Souvent, lorsque mon père et moi voyageons seuls, j’aime le questionner sur son enfance, sur sa vie là-bas, dans ce petit village de Tras-os-Montes au pied du Larouco, où j’ai moi-même vécu deux ans durant mon enfance.
Je sais peu de choses sur ma grand-mère paternelle, je l’ai très peu connu. Je sais qu’elle s’appelait Ana, « Barina » pour les gens du village, qu’elle n’a jamais été mariée, et qu’elle a eu quatre enfants qu’elle a élevés seule. Mon père était le fils du curé Padre Avelino . C’était un homme plutôt bon, lettré et respecté comme tous les hommes d’église à cette l’époque. Ma grand-mère aimait cet homme, mais n’attendait rien de lui. Elle se débrouillait seule.
D’après mon père, Ana était une femme particulièrement courageuse que la vie avait endurcie. Malgré sa dureté, ma grand-mère aimait ses enfants. Elle essayait tant bien que mal de leur donner ce dont ils avaient besoin. Alors, elle ne manquait pas d’ingéniosité pour les nourrir …
La nuit tombée elle partait avec mon père, alors âgé de 8 ans, arracher ce qu’ils appelaient « torgos de urze » des buissons de bruyère, que ma grand-mère faisait bruler afin d’obtenir du charbon. Elle revenait plus tard avec mon père et sa sœur ainée afin de remplir des sacs du jute qu’elle chargeait sur des ânes que des personnes du village lui prêtaient. Puis vers quatre heures du matin, ils prenaient la route vers la ville de Chaves. Ils arrivaient généralement vers 10 heures, fatigués, mais à peine arrivés ils se mettaient à alpaguer les clients : « qui veut du charbon ». Une fois tous les sacs de charbon vendus, ils repartaient vers Agrela , Torre, Couto pour acheter du vin.
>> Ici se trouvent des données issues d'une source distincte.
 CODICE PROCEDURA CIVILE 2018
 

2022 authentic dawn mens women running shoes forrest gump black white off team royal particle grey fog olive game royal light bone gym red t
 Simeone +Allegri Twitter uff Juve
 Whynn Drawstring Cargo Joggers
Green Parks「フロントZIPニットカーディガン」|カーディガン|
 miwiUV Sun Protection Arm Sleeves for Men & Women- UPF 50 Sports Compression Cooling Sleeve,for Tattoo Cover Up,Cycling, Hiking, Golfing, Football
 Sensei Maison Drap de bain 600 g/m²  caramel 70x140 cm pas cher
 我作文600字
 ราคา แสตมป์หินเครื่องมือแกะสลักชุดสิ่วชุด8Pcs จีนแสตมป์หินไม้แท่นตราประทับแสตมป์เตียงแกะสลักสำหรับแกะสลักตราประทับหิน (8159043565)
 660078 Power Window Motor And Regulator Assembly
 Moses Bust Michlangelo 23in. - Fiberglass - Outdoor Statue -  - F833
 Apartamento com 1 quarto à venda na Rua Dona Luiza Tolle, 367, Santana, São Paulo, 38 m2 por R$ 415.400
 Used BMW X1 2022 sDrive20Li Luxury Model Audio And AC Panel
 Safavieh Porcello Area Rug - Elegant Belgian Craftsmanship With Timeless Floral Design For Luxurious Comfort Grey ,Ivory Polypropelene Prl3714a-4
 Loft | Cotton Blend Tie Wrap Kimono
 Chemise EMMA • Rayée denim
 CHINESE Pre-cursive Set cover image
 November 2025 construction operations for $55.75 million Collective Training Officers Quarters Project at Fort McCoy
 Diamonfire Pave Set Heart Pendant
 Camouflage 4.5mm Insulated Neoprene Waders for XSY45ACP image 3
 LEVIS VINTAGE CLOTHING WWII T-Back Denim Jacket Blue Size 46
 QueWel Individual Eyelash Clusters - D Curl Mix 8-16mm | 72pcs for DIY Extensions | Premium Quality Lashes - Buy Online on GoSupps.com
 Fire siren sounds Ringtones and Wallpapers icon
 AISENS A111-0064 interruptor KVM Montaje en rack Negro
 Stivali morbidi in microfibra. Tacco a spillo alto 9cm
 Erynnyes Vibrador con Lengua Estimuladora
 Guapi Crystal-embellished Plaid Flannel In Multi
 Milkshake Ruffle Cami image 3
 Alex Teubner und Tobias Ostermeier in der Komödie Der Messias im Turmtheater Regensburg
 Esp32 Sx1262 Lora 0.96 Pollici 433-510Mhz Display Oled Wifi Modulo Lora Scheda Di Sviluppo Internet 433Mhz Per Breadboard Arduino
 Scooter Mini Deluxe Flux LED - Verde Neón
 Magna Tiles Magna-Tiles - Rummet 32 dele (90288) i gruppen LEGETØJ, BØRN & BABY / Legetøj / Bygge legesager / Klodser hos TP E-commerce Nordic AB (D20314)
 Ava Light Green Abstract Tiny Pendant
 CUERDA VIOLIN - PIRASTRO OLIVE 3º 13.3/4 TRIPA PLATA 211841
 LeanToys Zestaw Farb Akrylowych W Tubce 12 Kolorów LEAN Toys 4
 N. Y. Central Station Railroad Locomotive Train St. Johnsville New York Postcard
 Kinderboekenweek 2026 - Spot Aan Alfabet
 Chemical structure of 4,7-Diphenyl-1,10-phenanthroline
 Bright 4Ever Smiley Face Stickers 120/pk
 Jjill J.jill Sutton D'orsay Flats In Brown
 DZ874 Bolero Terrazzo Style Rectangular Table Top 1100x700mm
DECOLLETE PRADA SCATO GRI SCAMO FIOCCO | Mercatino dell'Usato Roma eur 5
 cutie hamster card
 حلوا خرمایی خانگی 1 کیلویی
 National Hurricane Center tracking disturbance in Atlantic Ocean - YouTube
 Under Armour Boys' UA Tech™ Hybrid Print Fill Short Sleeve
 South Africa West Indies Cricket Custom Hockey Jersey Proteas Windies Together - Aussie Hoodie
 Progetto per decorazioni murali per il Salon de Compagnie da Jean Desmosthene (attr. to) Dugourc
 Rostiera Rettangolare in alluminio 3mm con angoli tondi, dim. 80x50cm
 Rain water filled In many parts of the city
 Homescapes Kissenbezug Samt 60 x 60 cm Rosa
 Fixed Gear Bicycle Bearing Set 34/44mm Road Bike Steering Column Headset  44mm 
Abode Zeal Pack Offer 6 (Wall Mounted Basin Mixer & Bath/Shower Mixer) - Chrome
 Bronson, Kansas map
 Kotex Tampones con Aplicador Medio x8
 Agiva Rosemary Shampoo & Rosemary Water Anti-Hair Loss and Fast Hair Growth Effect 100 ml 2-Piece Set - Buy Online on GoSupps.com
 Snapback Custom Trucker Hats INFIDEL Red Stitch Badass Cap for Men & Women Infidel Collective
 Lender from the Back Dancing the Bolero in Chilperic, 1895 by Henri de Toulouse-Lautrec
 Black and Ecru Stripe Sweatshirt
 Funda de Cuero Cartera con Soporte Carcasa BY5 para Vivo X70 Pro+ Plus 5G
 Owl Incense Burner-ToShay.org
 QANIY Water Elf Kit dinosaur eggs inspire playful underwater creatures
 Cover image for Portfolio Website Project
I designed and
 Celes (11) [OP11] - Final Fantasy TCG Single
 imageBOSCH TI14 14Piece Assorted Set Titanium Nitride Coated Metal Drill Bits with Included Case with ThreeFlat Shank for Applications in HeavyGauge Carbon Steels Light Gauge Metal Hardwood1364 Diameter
De retour au village, ma grand-mère aidée de ses enfants, remplissait des tonneaux de vin, et durant la journée sa maison se transformait en taverne illégale. Des femmes et des hommes venaient boire leur verre, et échangeait un litre de vin contre un sac de pommes de terres ou autres denrées, ce qui permettait à ma grand-mère de nourrir ses enfants.
Bien qu’ayant peu de moyen, elle ne manquait pas de donner à manger à ceux qui en avait besoin. La porte de chez elle était toujours ouverte. La générosité et la convivialité allaient de pair dans cette petite maison.
Elle était peut-être illettrée Grand-mère Barina, mais alors, qu'elle femme d’affaires.